Generally speaking, the concept of a hidden curriculum in schools has become more widely recognized, discussed, and addressed by school leaders and educators in recent decades. Ideas such as “white privilege,” equity, voice, and multicultural education—to name just a few—have arguably led to greater tolerance, understanding, and even celebration of racial,cultural. physical, and cognitive differences in public schools. In addition, school communities, educators, and students are more likely than in past decades to actively and openly reflect on or question their own assumptions, biases, and tendencies, either individually or as a part of a formal school policy, program, or instructional activity. For example, topics such a bullying and diversity are now regularly discussed in public schools, and academic lessons, assignments, readings, and materials are now more likely to include multicultural perspectives, topics, and examples. Political and social pressures, including factors such as the increased scrutiny that has resulted from online media and social networking, may also contribute to greater awareness of unintended lessons and messages in schools. For example, harmful, hurtful, or unhealthy student behaviors are now regularly surfaced on social-networking sites such as Facebook or Twitter, which often leads to greater awareness of student behaviors or social trends.

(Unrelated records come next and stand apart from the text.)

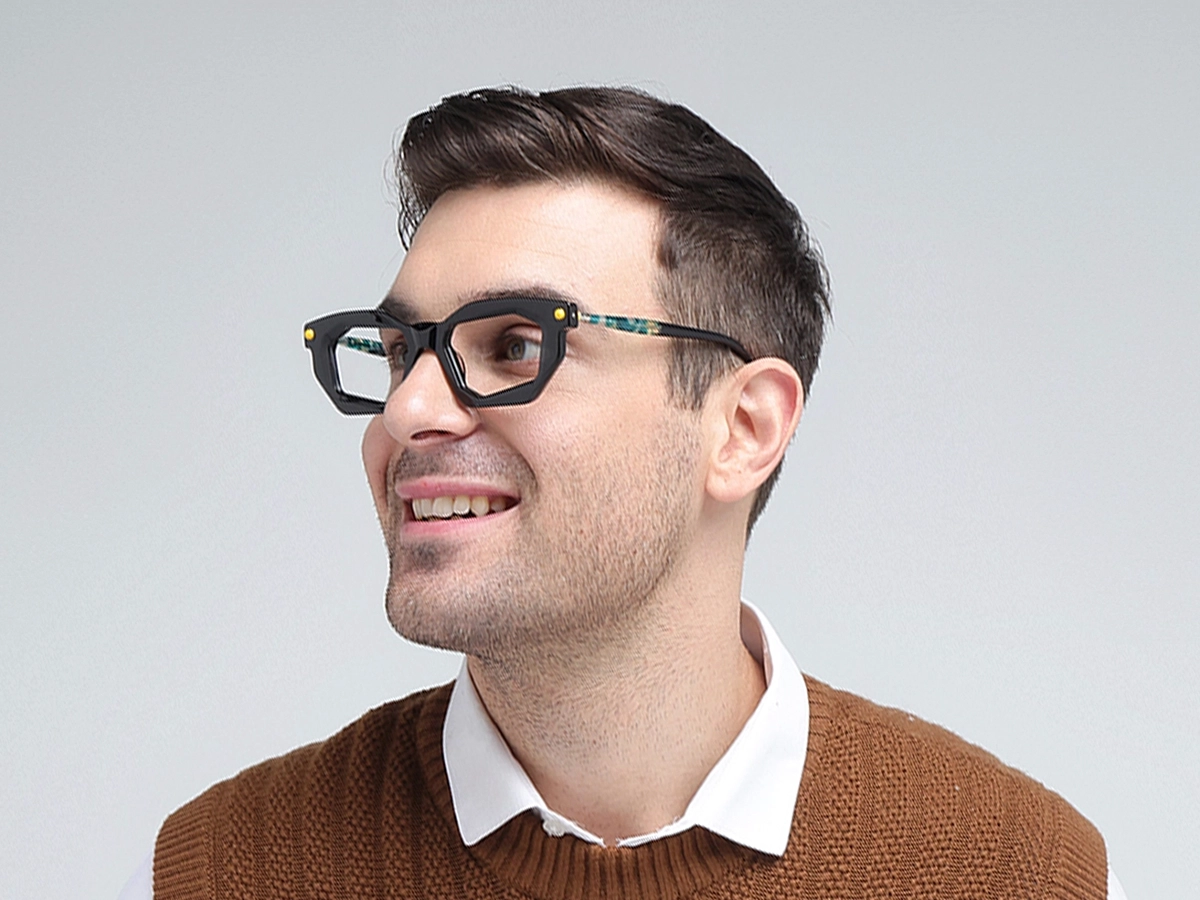 Black Rectangle Cat Eye Glasses 1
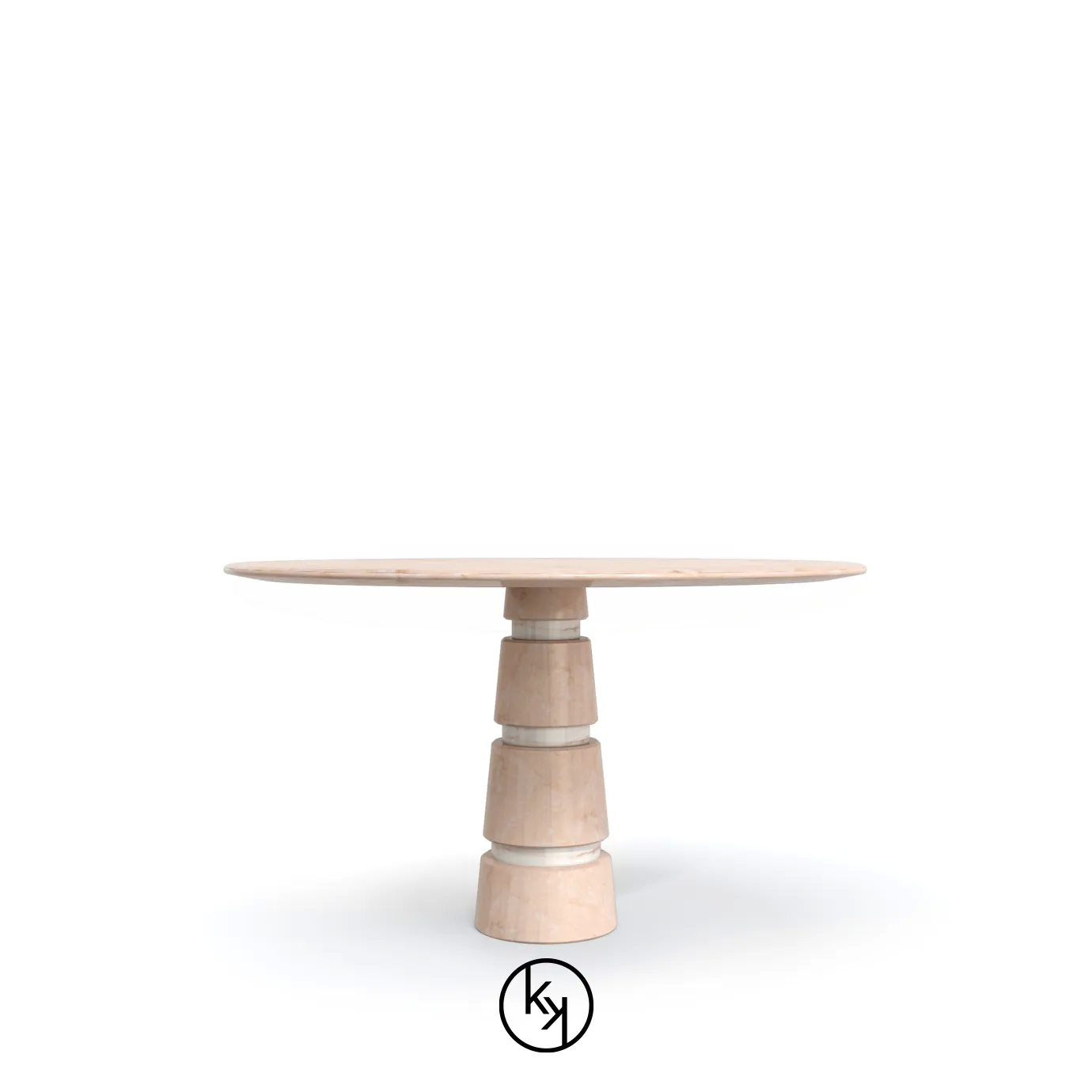 Elegant Avalanche Estremoz Marble Dining Table with geometric base.
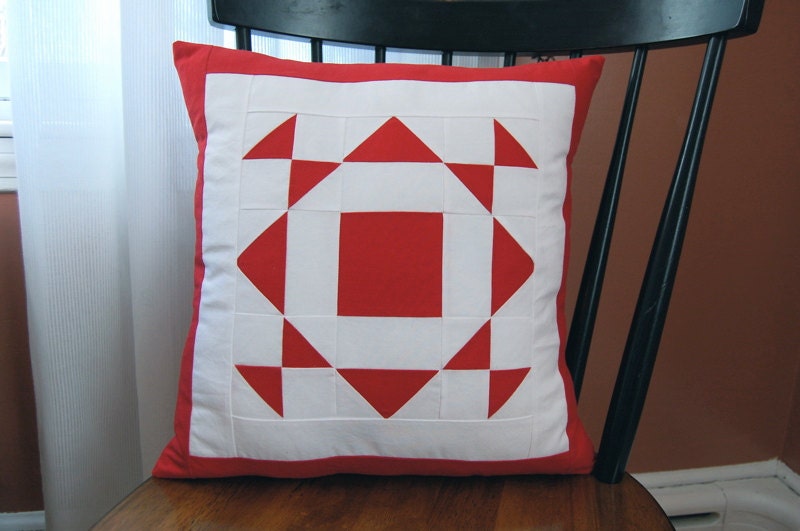 SUMMER SALE, Red Work Pillow, Decorative Accent Pillow, Traditional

That said, a “hidden curriculum” is, by nature, obscured or unacknowledged, which means that many of its lessons and messages are difficult to perceive or measure for any number of reasons. For example, long-standing policies may become so deeply embedded in a school culture that people simply forget to question them, or a school faculty that prides itself on celebrating multicultural diversity may find it emotionally difficult to acknowledge and openly discuss behaviors that might contradict that self-perceived identity. For this reason, every school will always have some form of hidden curriculum.